3. Using your tea scoop or teaspoon to measure out the matcha powder, dump two heaping scoops for Usucha, and 3-4 heaping scoops for Koicha into your tea bowl. If your matcha powder is at all clumpy or not already pre-sifted, it’s recommended to sift the powder before measuring it out to remove any unwanted clumps of product.
4. Take the temperature of your pre-measured hot water using your tea thermometer. The water should have cooled to between 70°C(158°F) and 80°C(176°F). Once the water has reached optimal temperature, carefully pour it into your tea bowl.
5. Hold the whisk in your dominant hand and grip the rim of the matcha bowl with the other.
If you’re making Usucha, whisk vigorously in a “W” motion, taking care to use your wrist, rather than your arm, to create the movement. Whisk for roughly 30 seconds to one minute, or until the tea forms a substantial froth with hundreds of tiny bubbles at the surface.
When preparing Koicha, a slow and deliberate left-to-right, up-and-down stroke while rotating the bowl slowly 360 degrees will help maintain the syrupy consistency you’re looking for. Your result should be thick, smooth and without bubbles or froth.
For the most authentic, full-sensory experience, sip mindfully, directly from the bowl.
Like any practice, preparing the perfect cup of matcha takes time and patience. If something is still not quite right with your tea after your first attempt, take note of the three most common factors that cause issues for novices:
Temp too hot scorches the powder = bitter matcha
Matcha too watery or too flavoral for your palate? The water to matcha ratio is definitely something you should look at. As a reference, most people enjoy 1g per 80ml/2.7oz or 2g per 120ml, but the amount is totally up to your taste. You can experiment with amounts to find your perfect dosage and determine whether you lean more towards a Koicha or Usucha flavor profile.

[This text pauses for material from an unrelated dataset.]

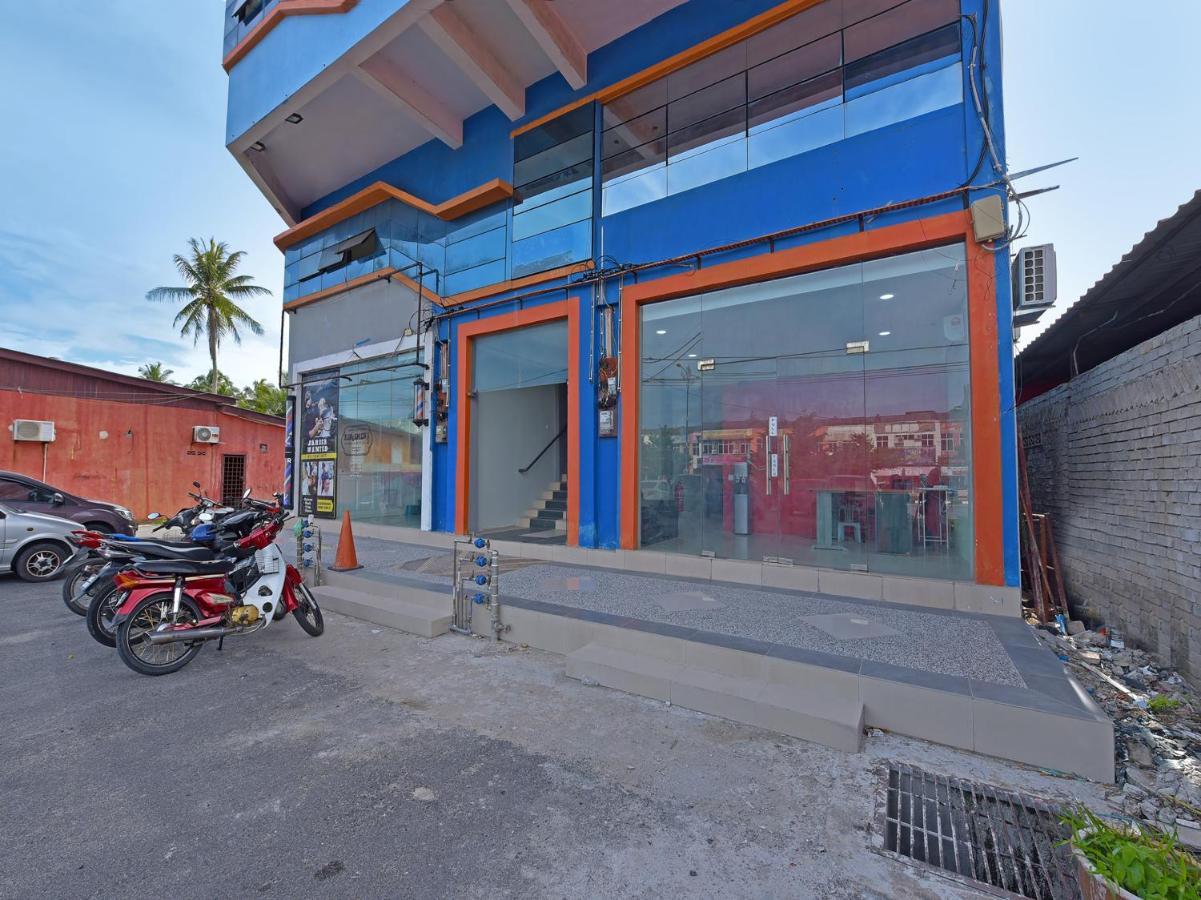 Oyo 90594 Hotel Casalink Paka Екстериор снимка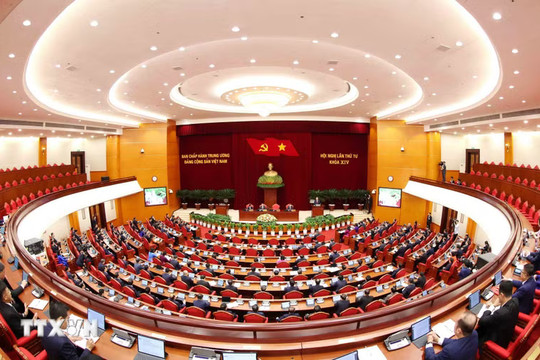 Thông cáo báo chí về ngày làm việc thứ nhất Hội nghị lần thứ tư Ban Chấp hành Trung ương Đảng khóa XIV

Arguably the most gratifying part of the matcha-drinking experience is the thick layer, frothy layer that forms at the surface of the tea as a result of the whisking process. It creates a unique and satisfying texture that is second to none when it comes to tea consumption.
If you notice that you’re not quite nailing the consistency of the froth, make sure there is no liquid revealed under the layer of foam. Additionally, if there are still big bubbles remaining visible on the surface of the tea, continue to whisk until you’ve achieved the perfect consistency and foamy top layer.